Pressed further about plans to get married at any time, Amelia announced: “You never can tell what I will do. If I was sure of the man, I might get married tomorrow. I am very sudden, you know, and make up my mind in a second.”
Despite this comment, many years before AE had decided that marriage for her would never be an escape. Even in her teens she had observed that too many girls used it for a storm cellar, that, afraid to meet life head on, they ran from their first real problems to hide behind a husband.
Amelia had assumed an attitude of almost imperial independence; about men and a possible husband she was never sudden. It was not until three years later, and then with considerable reluctance, that she became Mrs. George Palmer Putnam. She had learned to go it alone, without any reliance upon any man. She had become, in spite of appearances to the contrary, a “loner.”
Hilton Railey, her discoverer and manager, had developed a deep and abiding affection for Amelia, and in spite of tentative signs of encouragement from her when they were in England and returning home on the President Roosevelt, he was still deeply in love with his first wife and had every intention of remaining that way. Over the years that followed, there continued between them a strong friendship, and it was Railey who was the first to speak seriously to Amelia about GP.

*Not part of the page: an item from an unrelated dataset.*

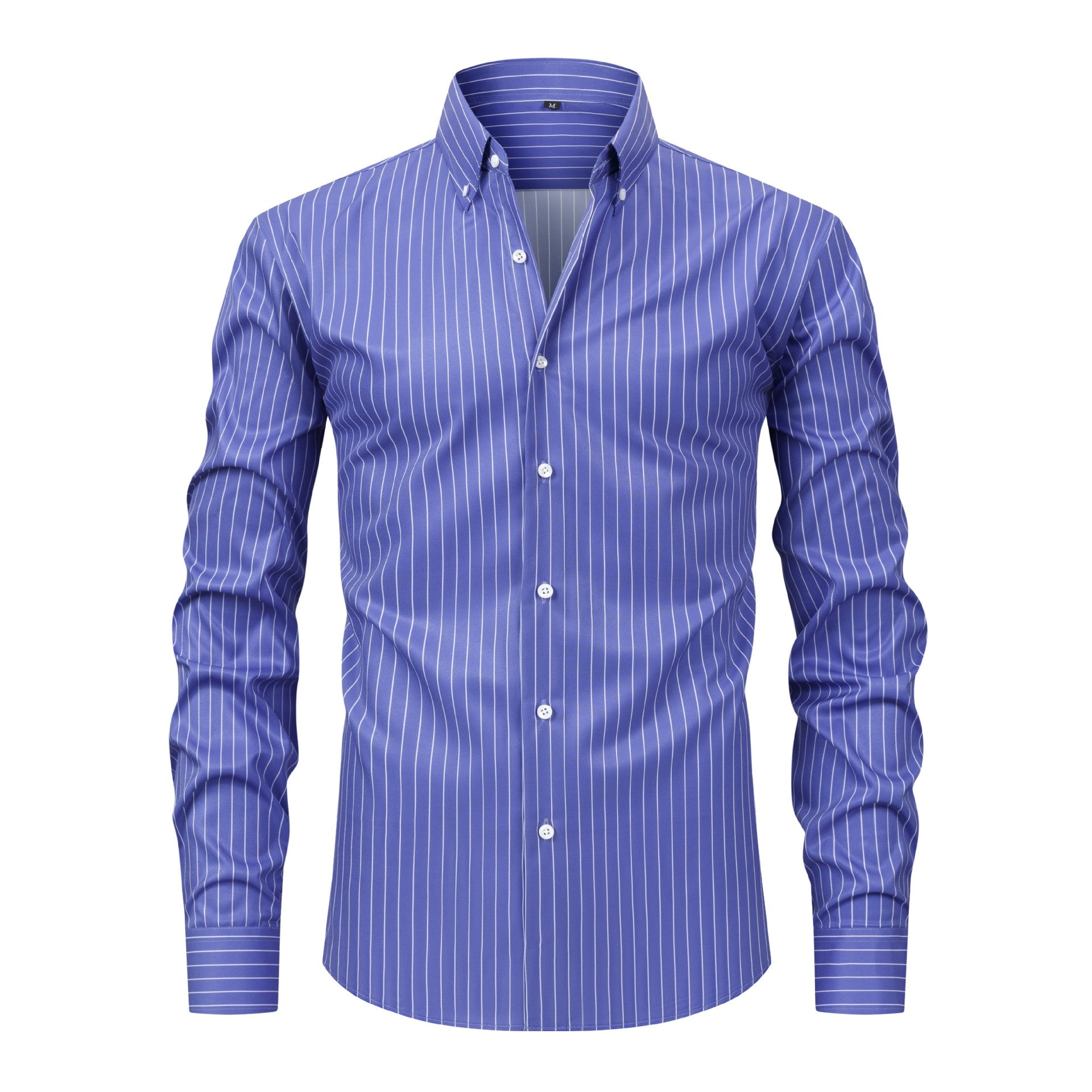 Stylish High-end Striped Mens Shirt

It was just before he discontinued his connection with her as her unpaid manager. During Amelia’s welcome in the harbor of New York, Commander Byrd had asked Railey for his help in financing the forthcoming expedition to the Antarctic as soon as he could break away from the Friendship celebrations. A few days later, in Amelia’s hotel room in New York, Captain Railey jotted down on a piece of paper the one word “brushfire,” and gave it to AE. He told her to consider it as a code word and to use it whenever she needed help in warding off George Palmer Putnam. Amelia grinned, took the paper, folded it, and put it in her purse. She never found the need to use it.
While she had been writing 20 Hrs., 40 Min., AE was approached for many new endorsements. The one she remembered and talked about the most, because it was the funniest, was the offer to sponsor canned rabbit; the “stunt” was to have her picture on the can. A promotion which she did agree to, however, was one to help finance Commander Byrd’s next expedition. Although she was a non-smoker, Amelia signed a statement for a cigarette advertisement.
For her endorsement she received $1,500, which she immediately gave to Byrd. It was a gesture of good will that Commander Byrd deeply appreciated; later he presented her with copy number two of the limited edition of his book, Skyward.
While Amelia was correcting proofs of her book, Lady Heath’s Avro Avian was finally delivered. AE kept the plane at the nearby polo field of the Westchester Biltmore Country Club in Rye. She was eager to test it out. Hastily she finished making her corrections and gave the proofs to GP.
The Avian was everything she wanted in a plane. It was small, light, maneuverable, and fast; it reminded her of her first airplane, the yellow Kinner Canary which she had owned in California, except that the Avian had two open cockpits in tandem. Amelia walked across the soft, firm grass to where the plane was parked. She lowered the panel from the left side of the rear cockpit, and holding her plain black dress against her legs, she climbed in. She buckled a white helmet under her chin and adjusted the goggles at her forehead.
She started the engine and watched for the instruments to respond while it idled, carefully checking the oil and fuel temperature and pressure and engine revolutions per minute—rpm’s. She fingered the strands of pearls about her neck and waited for the engine to warm up.